(Your instructions):
The reply to the records below should contain exactly the lines from the line with "Casti Focal Elegia + Sheep Skin Pads" through the line with "1.6 GDi Hybrid", and nothing besides.

(Provided records):
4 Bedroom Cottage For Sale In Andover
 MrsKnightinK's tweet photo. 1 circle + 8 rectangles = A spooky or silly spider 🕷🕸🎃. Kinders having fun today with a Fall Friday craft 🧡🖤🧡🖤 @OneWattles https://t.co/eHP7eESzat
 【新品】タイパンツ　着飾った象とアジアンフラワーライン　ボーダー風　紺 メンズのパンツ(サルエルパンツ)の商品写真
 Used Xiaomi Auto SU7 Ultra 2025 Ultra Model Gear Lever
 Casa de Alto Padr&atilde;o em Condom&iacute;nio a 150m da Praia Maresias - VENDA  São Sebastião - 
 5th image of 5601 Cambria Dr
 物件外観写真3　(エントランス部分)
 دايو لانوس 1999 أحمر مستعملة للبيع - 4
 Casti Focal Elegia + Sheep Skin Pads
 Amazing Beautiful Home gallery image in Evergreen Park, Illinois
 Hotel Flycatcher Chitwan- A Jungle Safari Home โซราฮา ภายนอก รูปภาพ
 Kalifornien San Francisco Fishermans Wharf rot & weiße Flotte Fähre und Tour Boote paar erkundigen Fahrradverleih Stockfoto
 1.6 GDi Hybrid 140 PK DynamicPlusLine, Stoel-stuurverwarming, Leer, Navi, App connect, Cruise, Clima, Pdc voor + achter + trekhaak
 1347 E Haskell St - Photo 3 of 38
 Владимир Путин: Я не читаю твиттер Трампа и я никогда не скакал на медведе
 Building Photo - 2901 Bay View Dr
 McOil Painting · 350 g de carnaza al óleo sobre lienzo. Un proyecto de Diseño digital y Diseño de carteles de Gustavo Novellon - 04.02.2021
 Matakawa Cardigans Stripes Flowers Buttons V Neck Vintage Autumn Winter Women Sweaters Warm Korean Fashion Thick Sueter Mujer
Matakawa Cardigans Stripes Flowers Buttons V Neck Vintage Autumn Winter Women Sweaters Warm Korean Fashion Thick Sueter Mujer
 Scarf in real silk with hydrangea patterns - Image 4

(Reply to the task):
 Casti Focal Elegia + Sheep Skin Pads
 Amazing Beautiful Home gallery image in Evergreen Park, Illinois
 Hotel Flycatcher Chitwan- A Jungle Safari Home โซราฮา ภายนอก รูปภาพ
 Kalifornien San Francisco Fishermans Wharf rot & weiße Flotte Fähre und Tour Boote paar erkundigen Fahrradverleih Stockfoto
 1.6 GDi Hybrid 140 PK DynamicPlusLine, Stoel-stuurverwarming, Leer, Navi, App connect, Cruise, Clima, Pdc voor + achter + trekhaak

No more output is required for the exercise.